The data: Begin
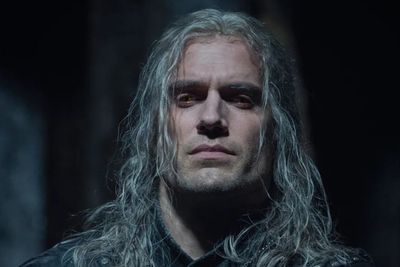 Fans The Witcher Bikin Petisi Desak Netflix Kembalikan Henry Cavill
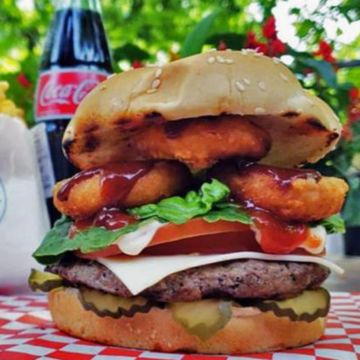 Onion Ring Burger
The data: End
The data: Begin
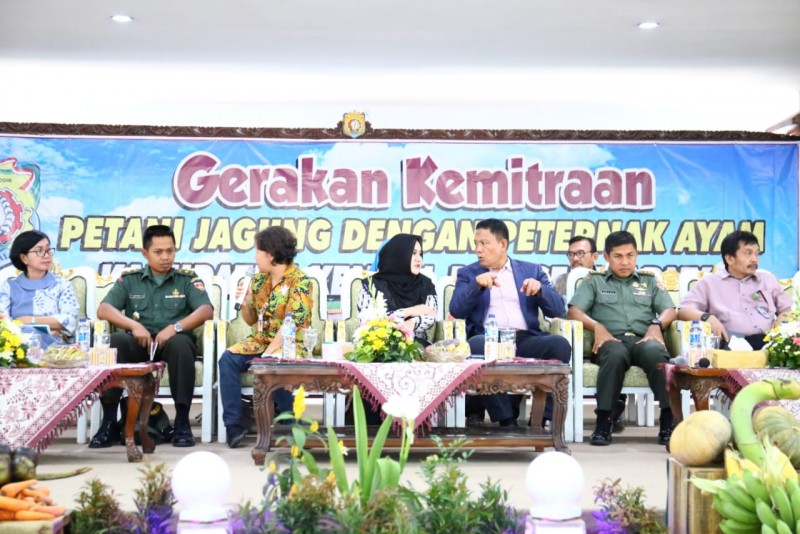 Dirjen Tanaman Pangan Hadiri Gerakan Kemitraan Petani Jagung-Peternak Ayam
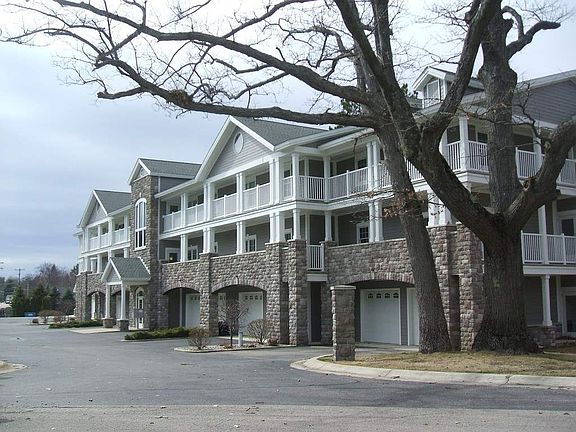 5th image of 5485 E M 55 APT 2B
The data: End
The data: Begin
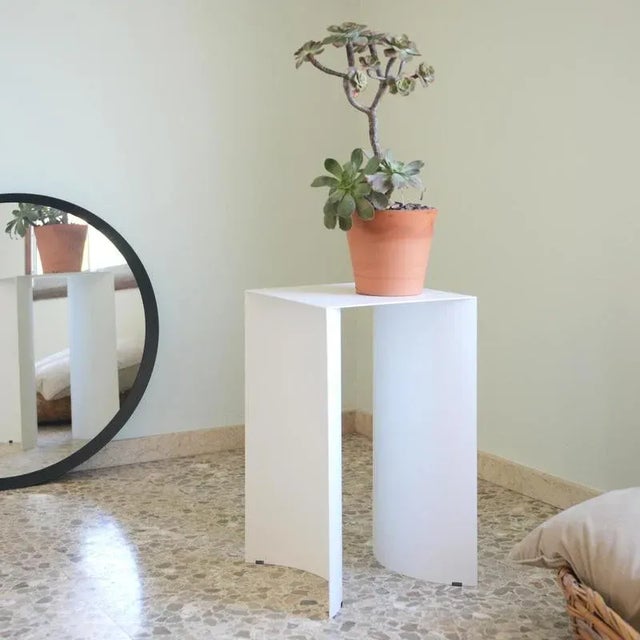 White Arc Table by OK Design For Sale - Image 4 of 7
The data: End
■ Required work
Starting at the line containing "Fans The Witcher" and stopping at the line containing "Onion Ring Burger", output every line above exactly, both ends included, with pictures omitted.

■ Task output
 Fans The Witcher Bikin Petisi Desak Netflix Kembalikan Henry Cavill
 Onion Ring Burger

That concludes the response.